▶ **Work to complete**
For the data below, retype word for word the lines from the one containing "Detalhe de notas" through the one containing "White rabbit plush toy on a beige background"; drop the pictures.

┌─ Dataset entries

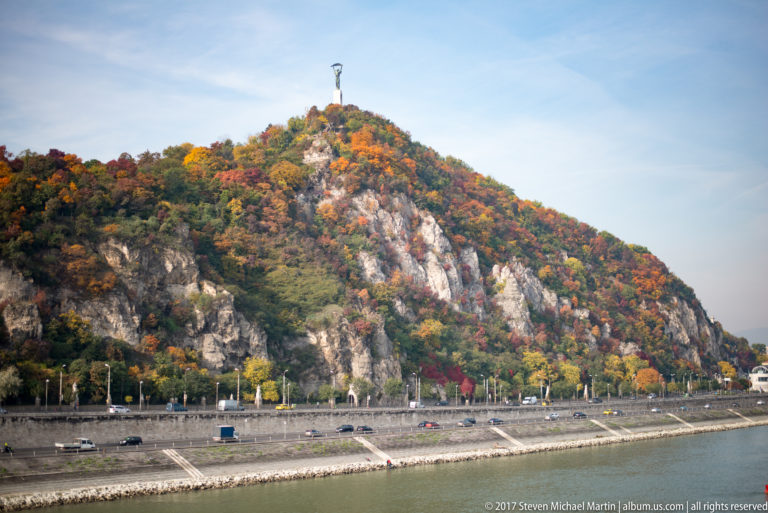 Rocky, tree-covered Gellért Hill in autumn with Budapest's Liberty Statue visible at the summit.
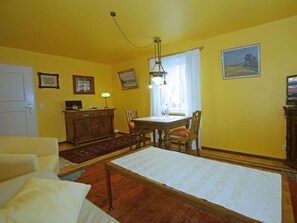 A room with a bed, a desk, a chair, a lamp, and a window with curtains. - Holiday Apartment With 1 Bedroom (Witsum)
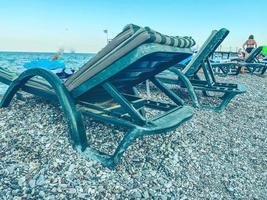 hot, tropical country with sea and mountains. pebbles on the beach, small stones near the water. there is a bed on the ground. tourists in bathing suits swim nearby photo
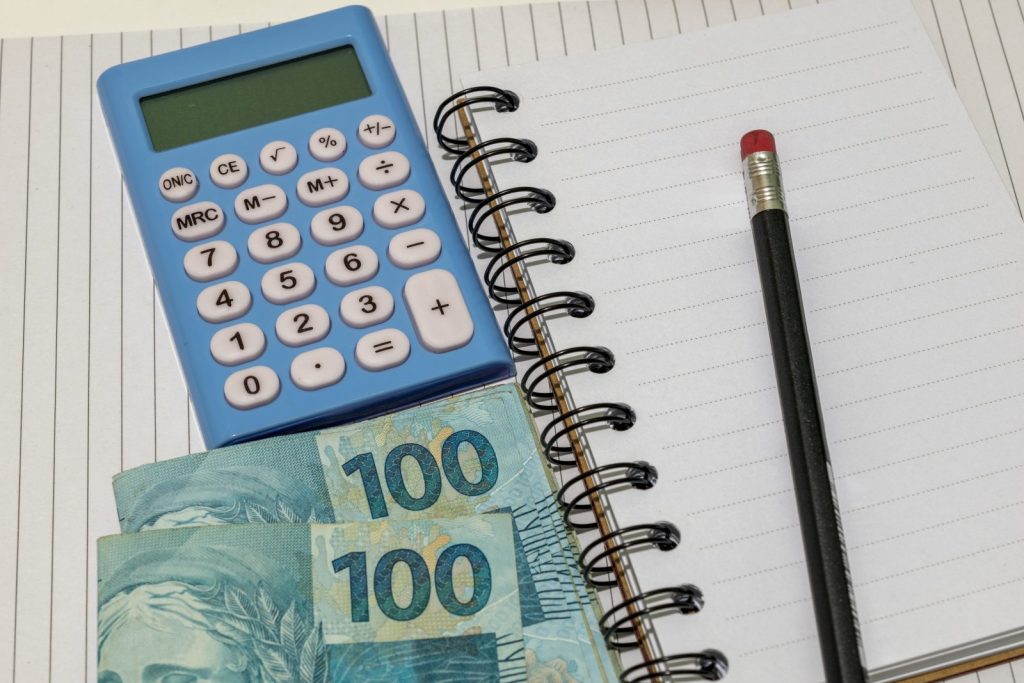 Detalhe de notas de 100 Reais, uma calculadora azul e um caderno espiral com um lápis, simbolizando a gestão de perdas tributárias e o controle financeiro.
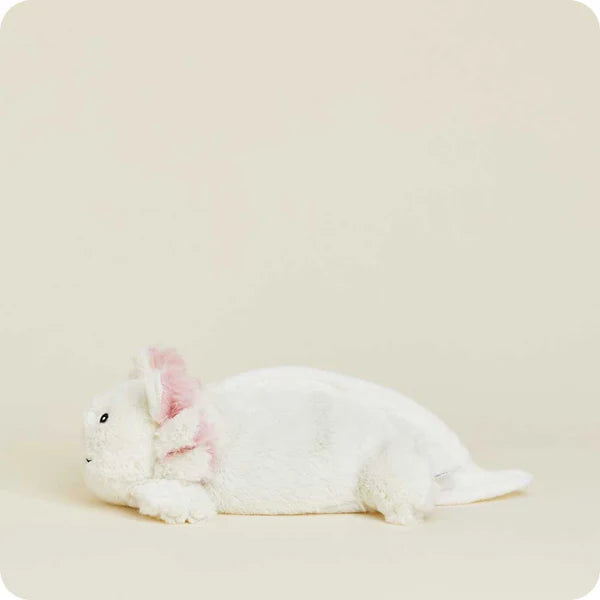 White rabbit plush toy on a beige background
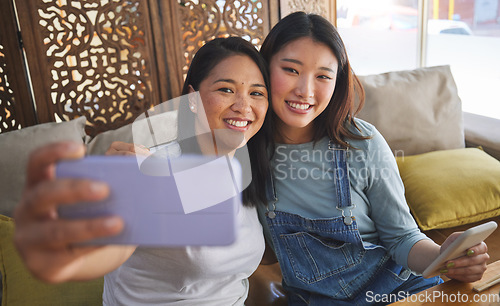 Image of Selfie, love and a lesbian couple in a restaurant for a romantic date together on their anniversary. LGBT, smile and happy asian woman with her partner in a cafe for celebration of a milestone event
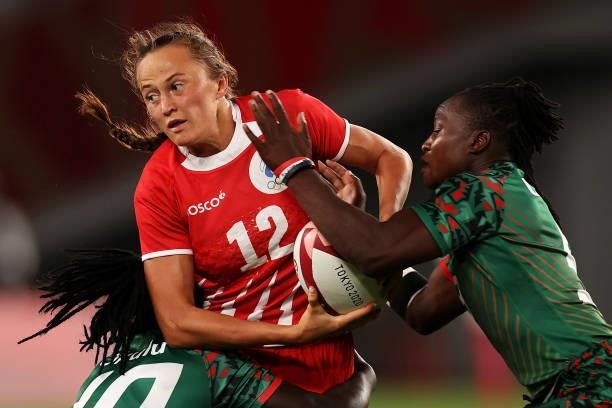 Anna Baranchuk of Team ROC is tackled by Grace Okulu and Janet Okello of Team Kenya in the Women’s pool A match between Team ROC and Team Kenya...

└─

▶ **Result**
 Detalhe de notas de 100 Reais, uma calculadora azul e um caderno espiral com um lápis, simbolizando a gestão de perdas tributárias e o controle financeiro.
 White rabbit plush toy on a beige background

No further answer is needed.